Data excerpts:
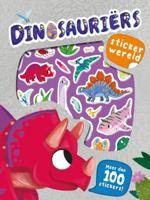 Dinosauriërs Stickerwereld (Paperback)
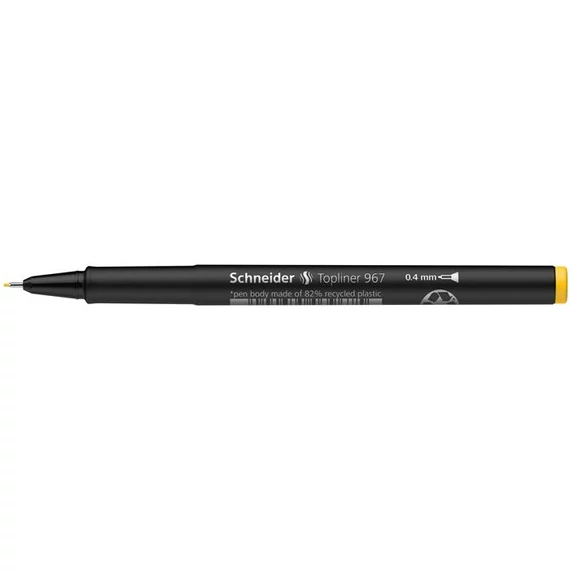 Tűfilc, 0,4 mm, SCHNEIDER 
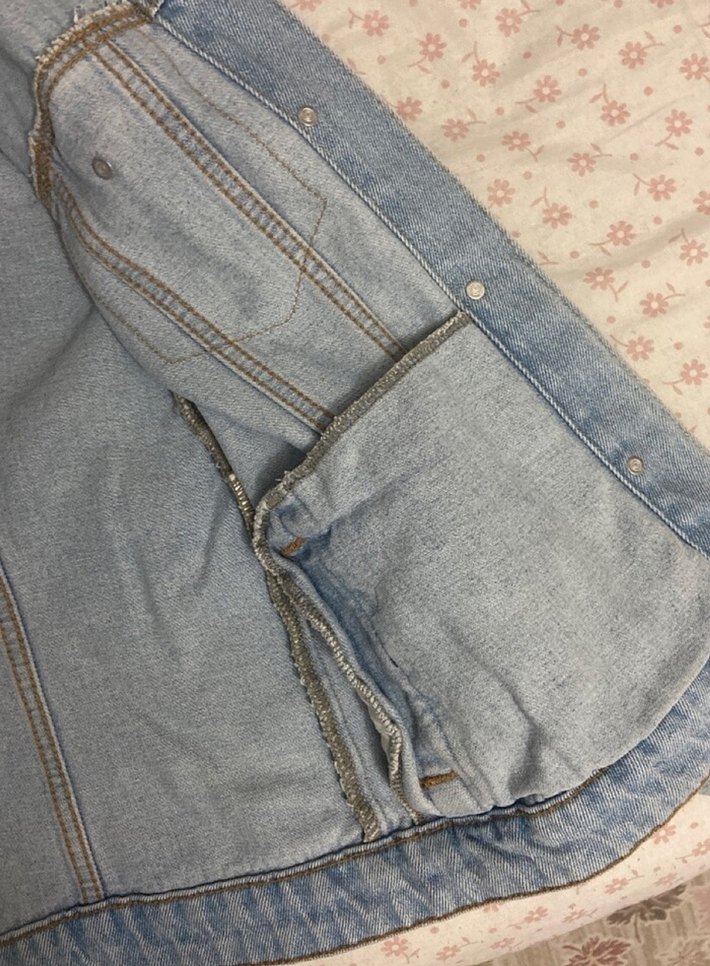 Kot Ceket mavi - Görsel 3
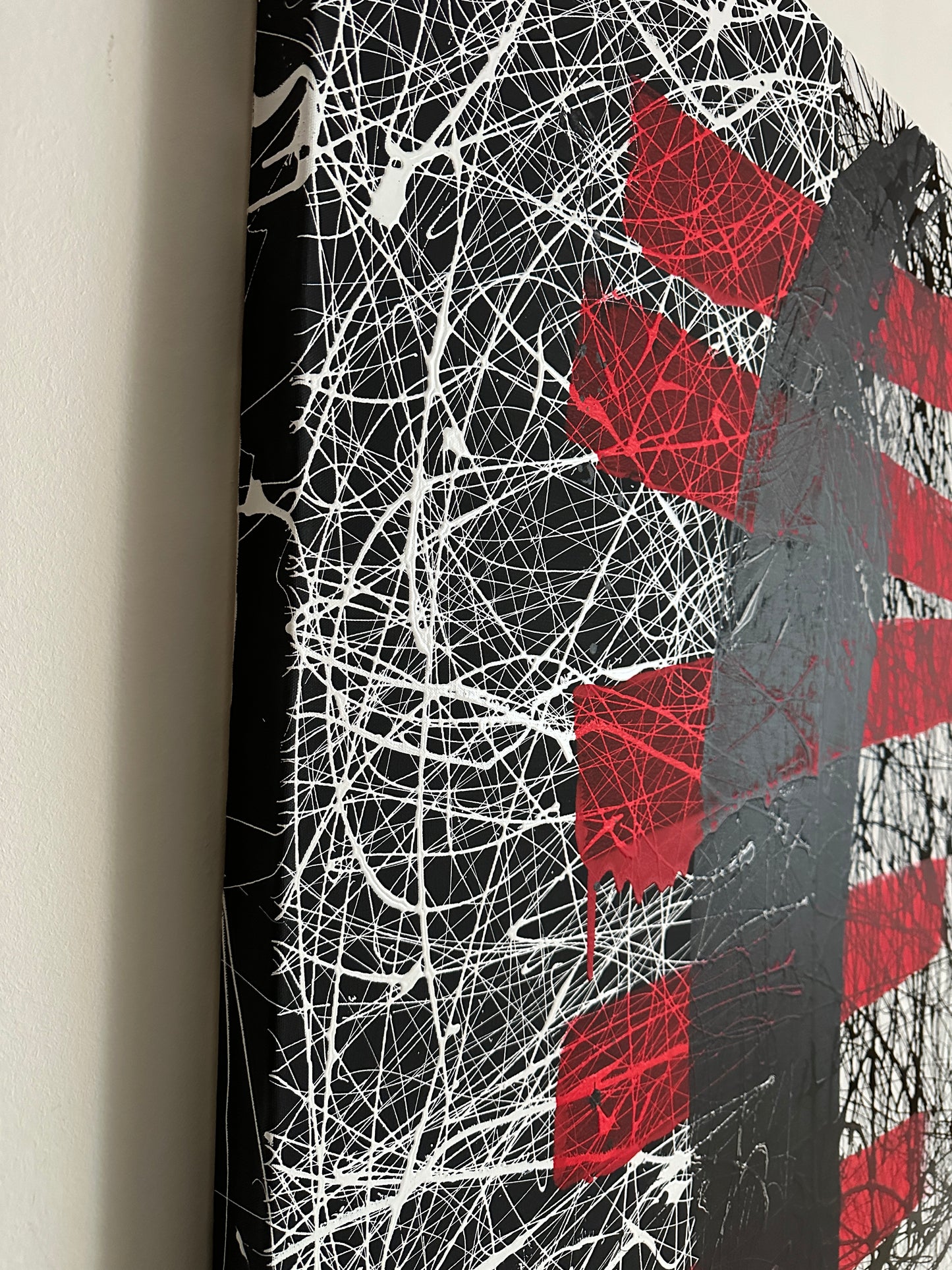 "Jackson X Katana" 120x100cm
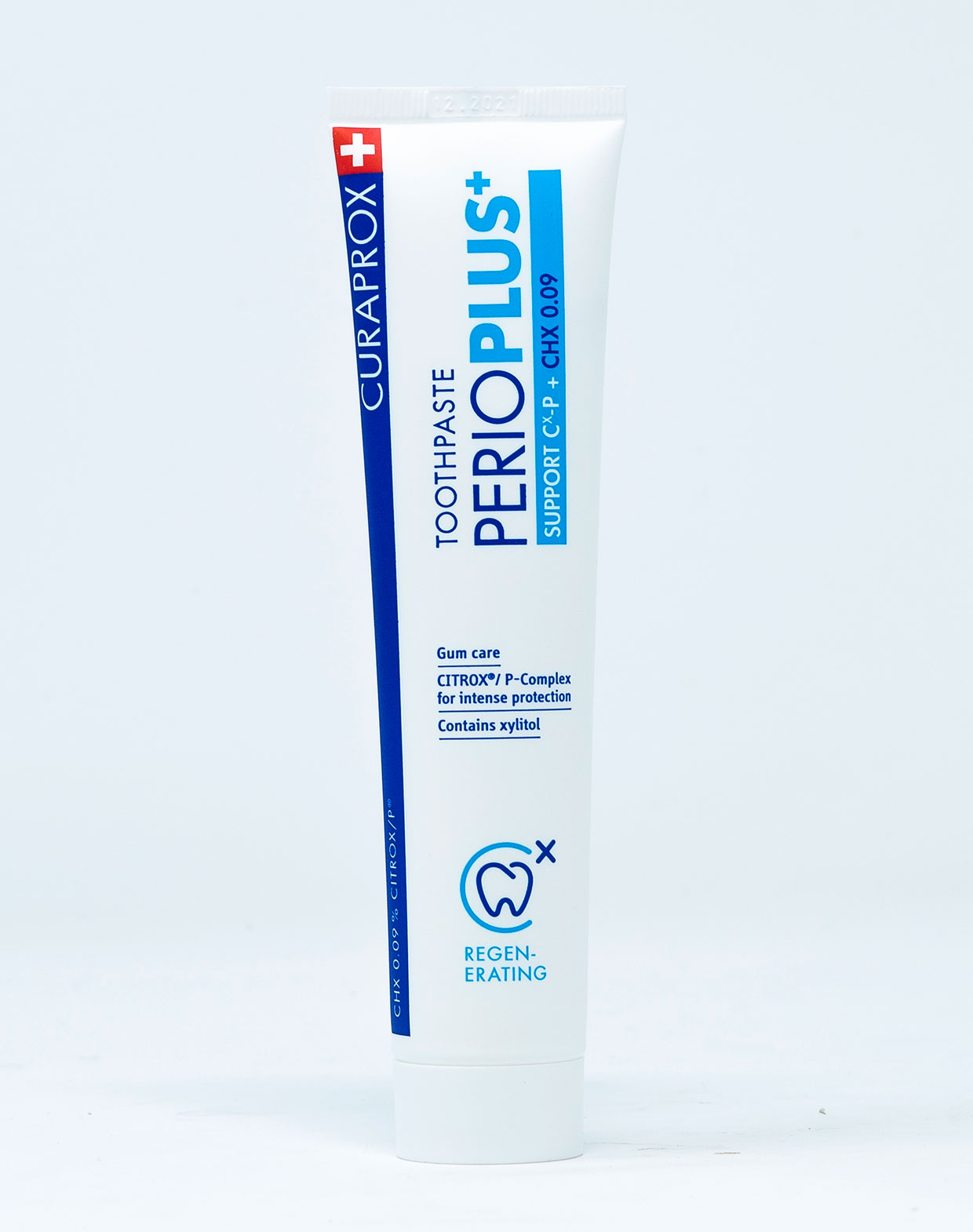 Curaprox Dentifricio Perio Plus+ Support CHX 0,09% - 75 ml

About this exercise: What is needed is every entry written out word for word, with no pictures.

Answer to the exercise:
 Dinosauriërs Stickerwereld (Paperback)
 Tűfilc, 0,4 mm, SCHNEIDER 
 Kot Ceket mavi - Görsel 3
 "Jackson X Katana" 120x100cm
 Curaprox Dentifricio Perio Plus+ Support CHX 0,09% - 75 ml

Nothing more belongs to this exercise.